Work request:
Please transcribe the lines below exactly, and leave every image behind.

Information supplied: Begin

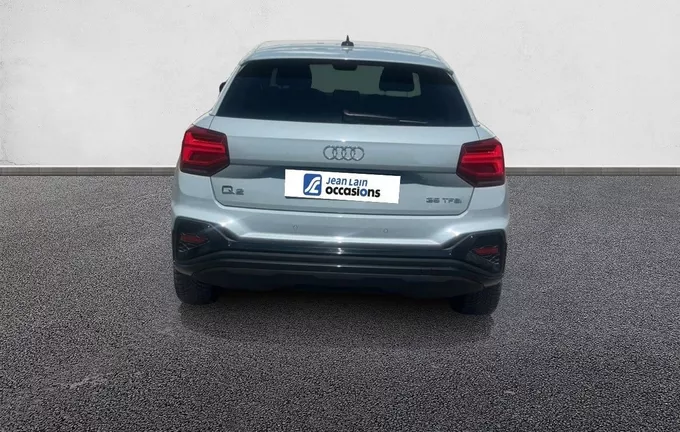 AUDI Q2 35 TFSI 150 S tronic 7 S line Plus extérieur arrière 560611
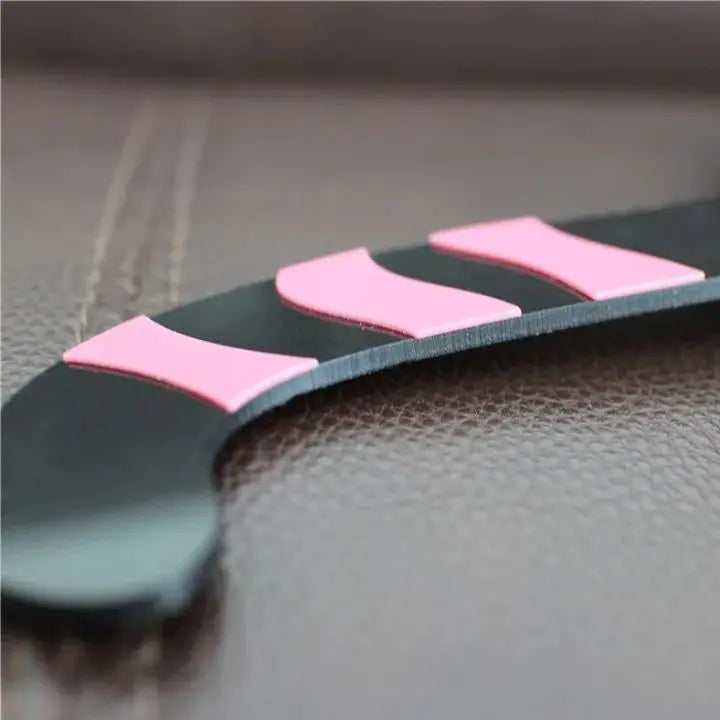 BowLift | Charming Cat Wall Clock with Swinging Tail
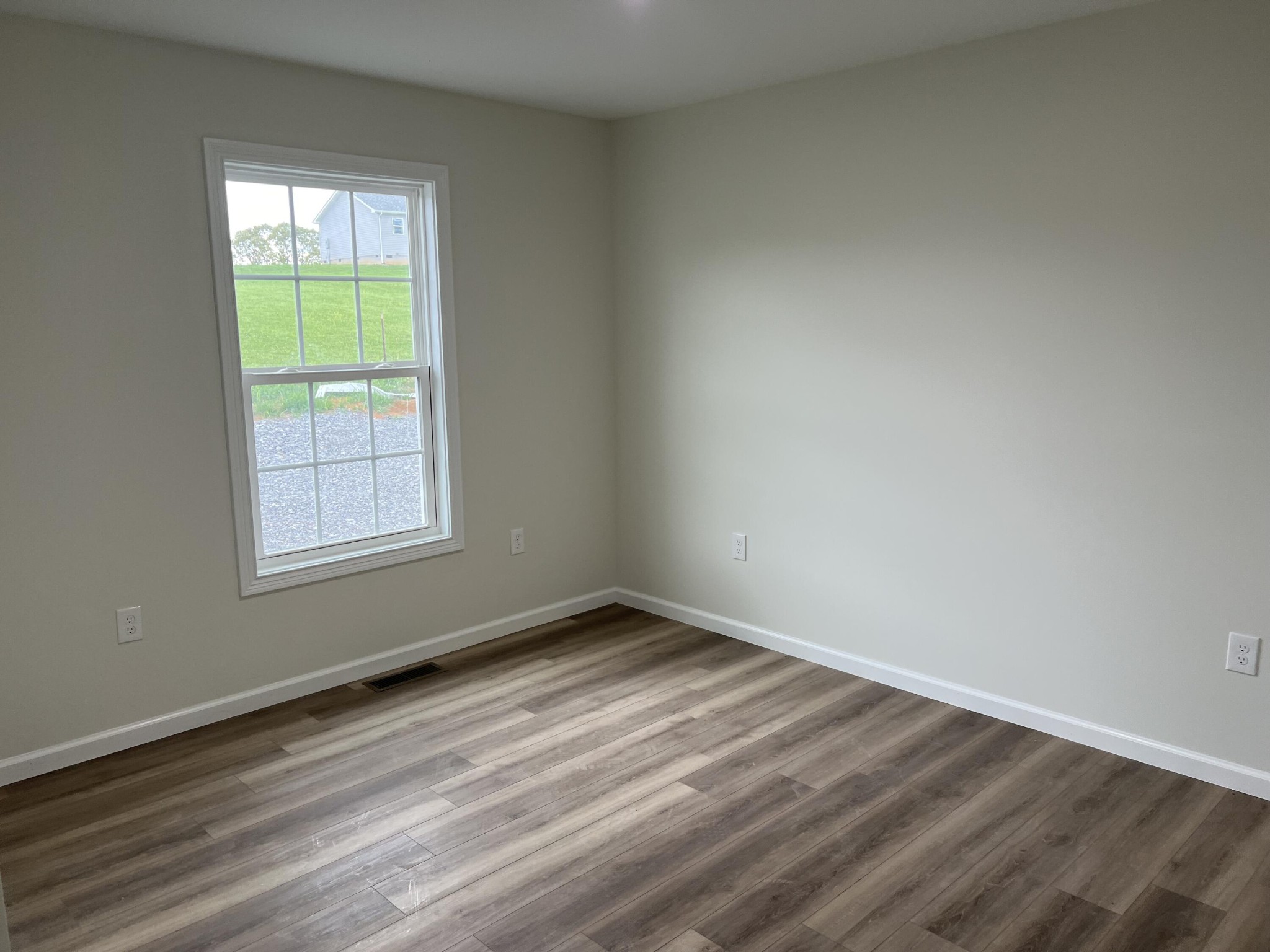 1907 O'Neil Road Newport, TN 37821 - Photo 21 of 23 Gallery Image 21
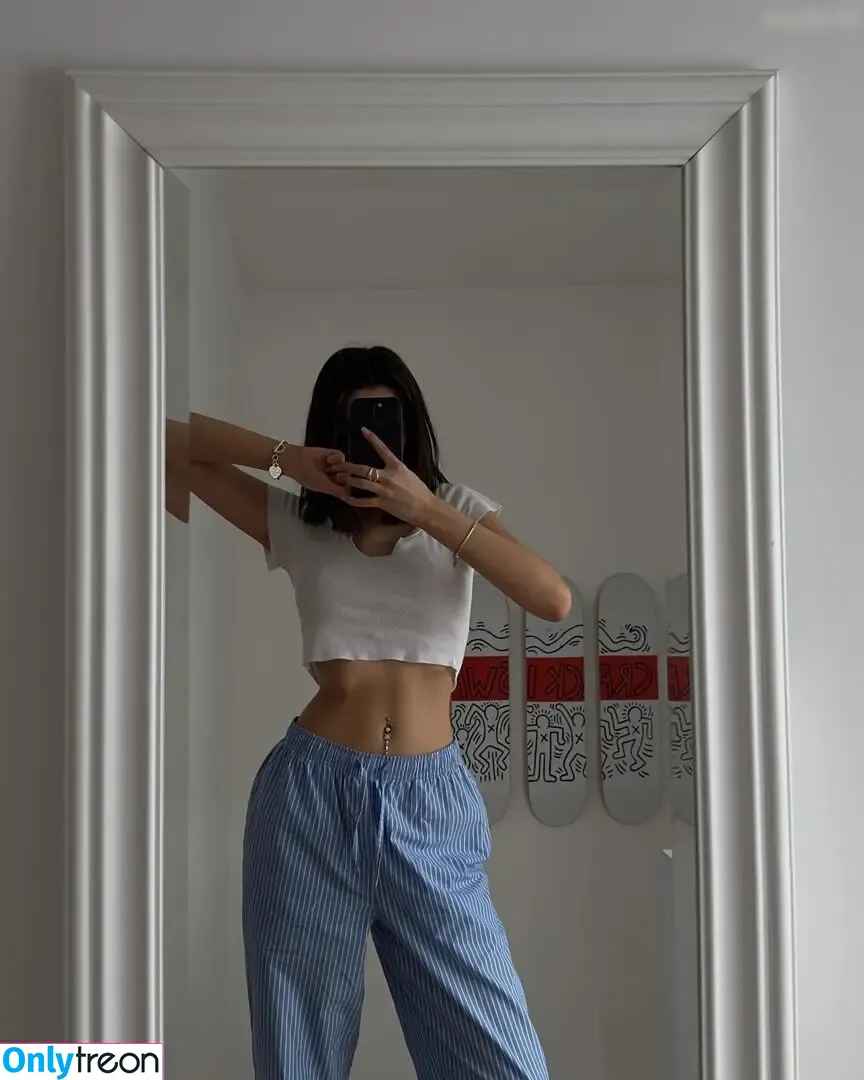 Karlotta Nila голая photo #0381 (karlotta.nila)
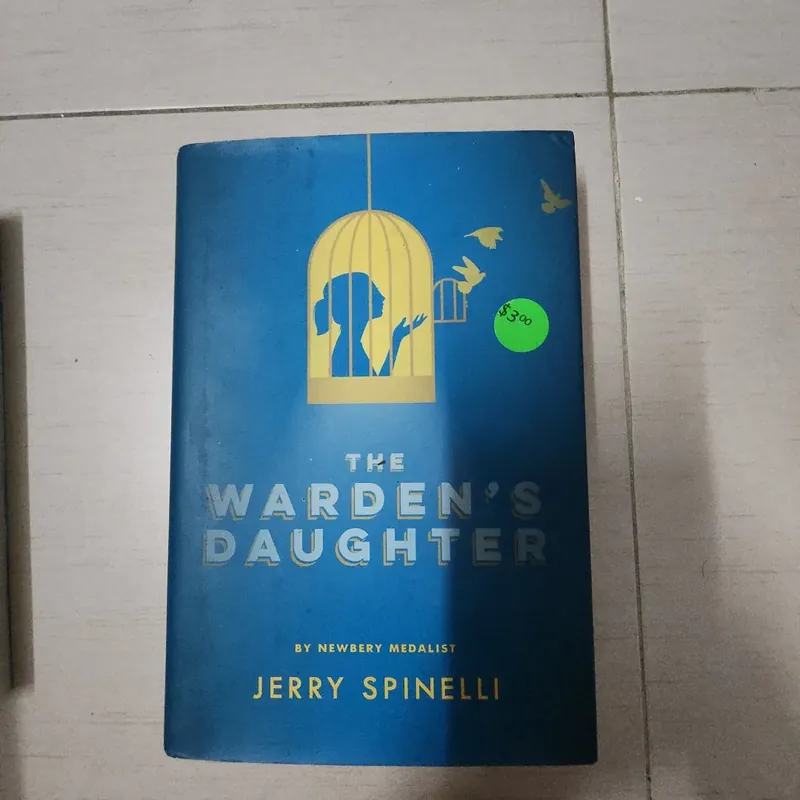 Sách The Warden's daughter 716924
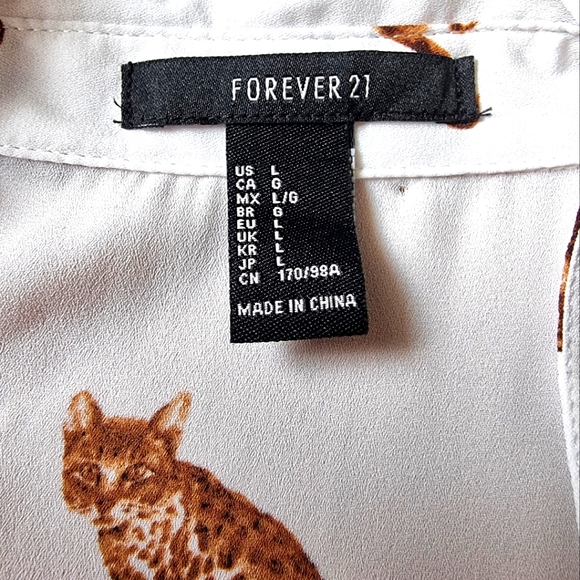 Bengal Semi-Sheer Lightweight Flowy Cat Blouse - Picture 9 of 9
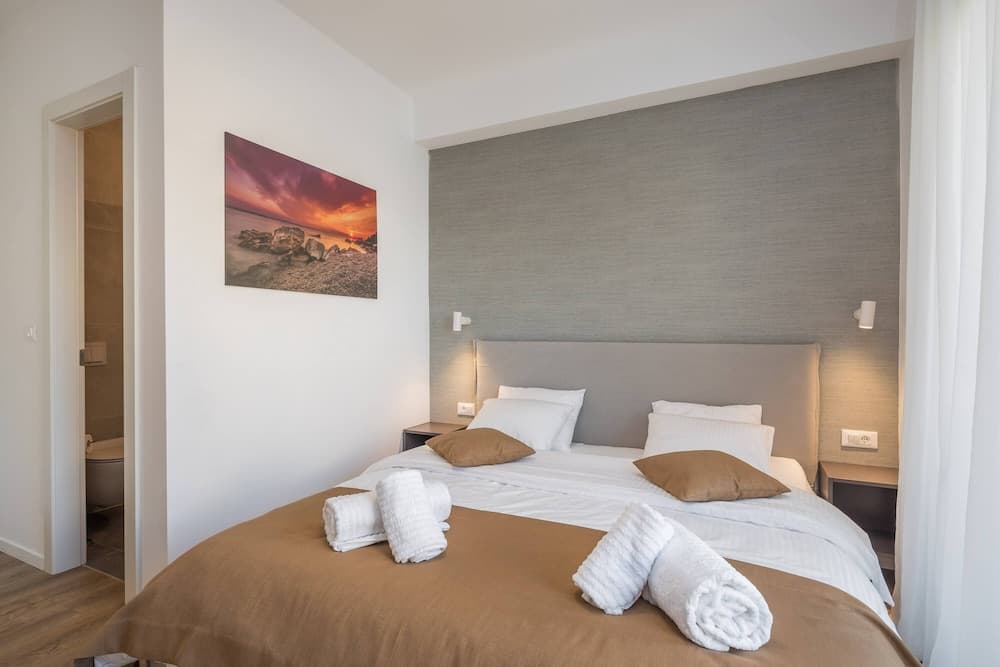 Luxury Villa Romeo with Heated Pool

Information supplied: End

Finished task:
 AUDI Q2 35 TFSI 150 S tronic 7 S line Plus extérieur arrière 560611
 BowLift | Charming Cat Wall Clock with Swinging Tail
 1907 O'Neil Road Newport, TN 37821 - Photo 21 of 23 Gallery Image 21
 Karlotta Nila голая photo #0381 (karlotta.nila)
 Sách The Warden's daughter 716924
 Bengal Semi-Sheer Lightweight Flowy Cat Blouse - Picture 9 of 9
 Luxury Villa Romeo with Heated Pool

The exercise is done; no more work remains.